Activity:
In the listing below, the answer starts at the line that has "Used 2023 MG" and stops after the line that has "Godzilla - Zilla"; please repeat that part exactly and nothing more.

Exercise data:

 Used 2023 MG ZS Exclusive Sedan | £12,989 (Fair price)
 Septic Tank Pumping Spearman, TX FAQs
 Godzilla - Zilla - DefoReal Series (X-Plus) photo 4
* * *
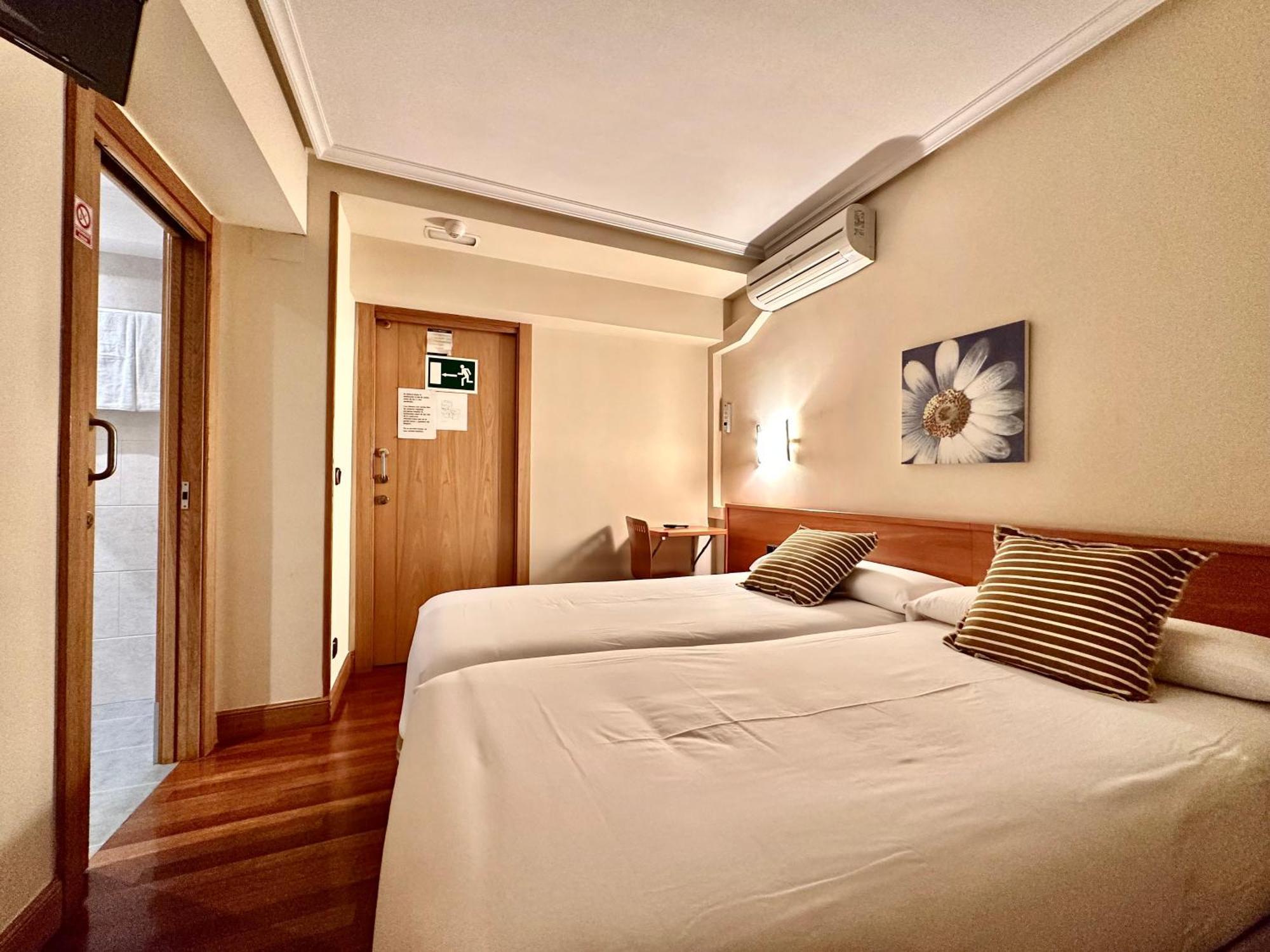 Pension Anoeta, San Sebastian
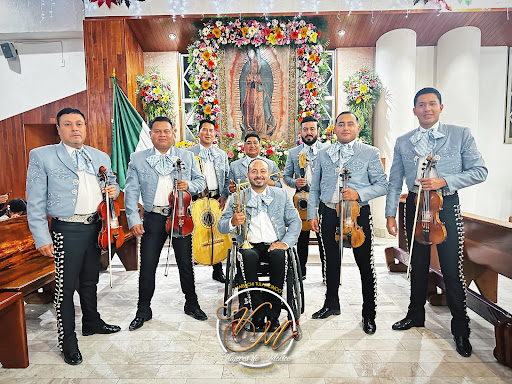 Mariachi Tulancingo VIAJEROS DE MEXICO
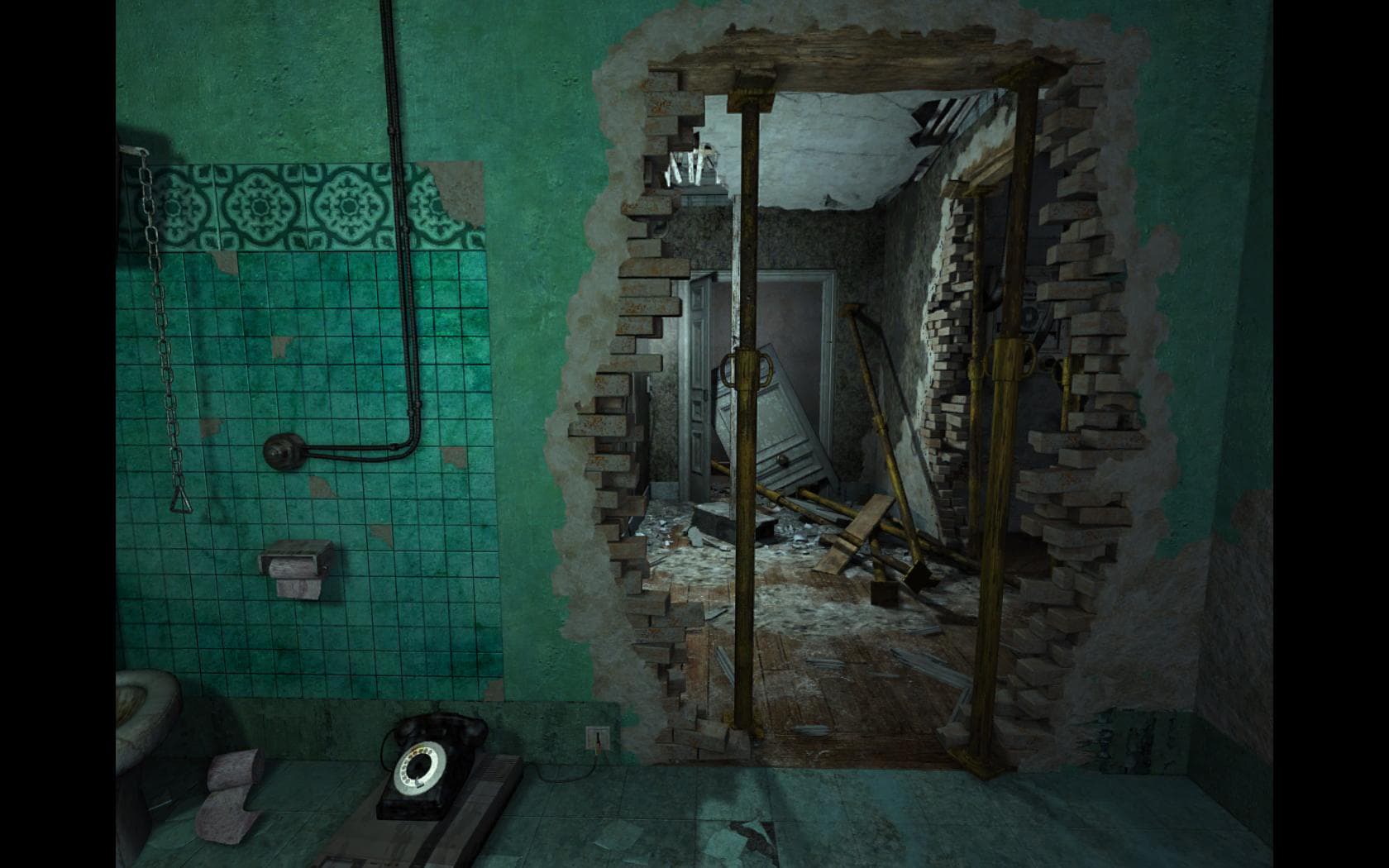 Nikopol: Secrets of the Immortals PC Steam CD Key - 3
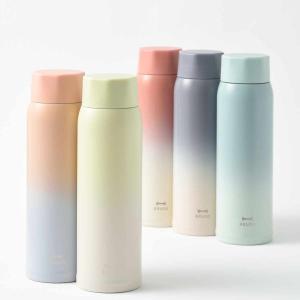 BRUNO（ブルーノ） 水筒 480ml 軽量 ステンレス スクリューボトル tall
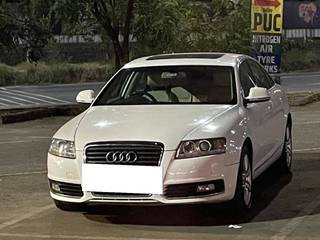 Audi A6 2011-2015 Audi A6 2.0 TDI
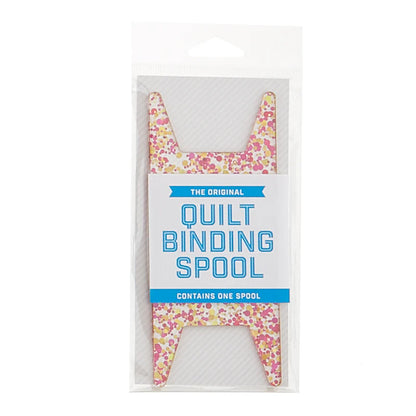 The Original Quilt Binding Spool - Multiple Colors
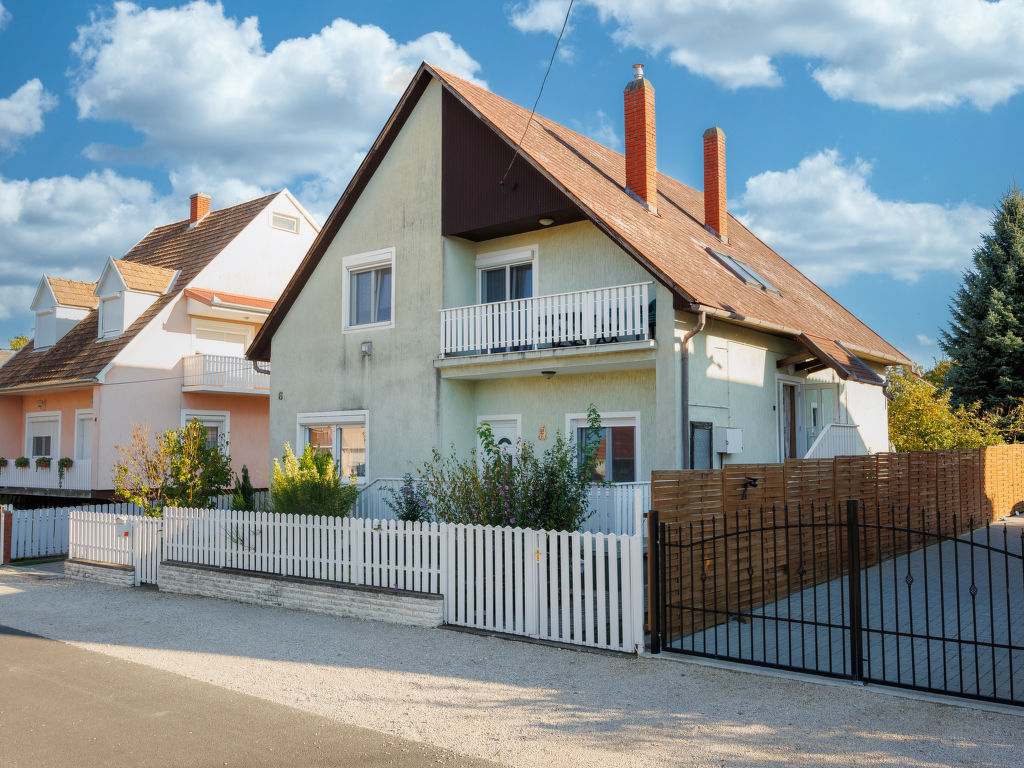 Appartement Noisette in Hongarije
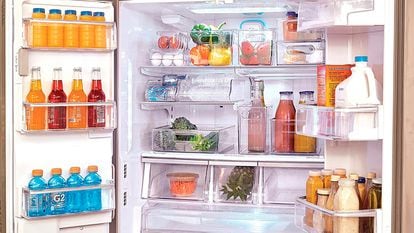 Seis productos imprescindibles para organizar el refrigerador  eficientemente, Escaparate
---
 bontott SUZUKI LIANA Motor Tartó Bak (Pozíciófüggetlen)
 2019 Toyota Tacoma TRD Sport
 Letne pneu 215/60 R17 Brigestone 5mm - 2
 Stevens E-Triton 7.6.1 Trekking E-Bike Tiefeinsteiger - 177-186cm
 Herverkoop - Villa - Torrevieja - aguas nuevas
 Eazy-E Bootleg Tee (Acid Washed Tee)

Finished exercise:
 Used 2023 MG ZS Exclusive Sedan | £12,989 (Fair price)
 Septic Tank Pumping Spearman, TX FAQs
 Godzilla - Zilla - DefoReal Series (X-Plus) photo 4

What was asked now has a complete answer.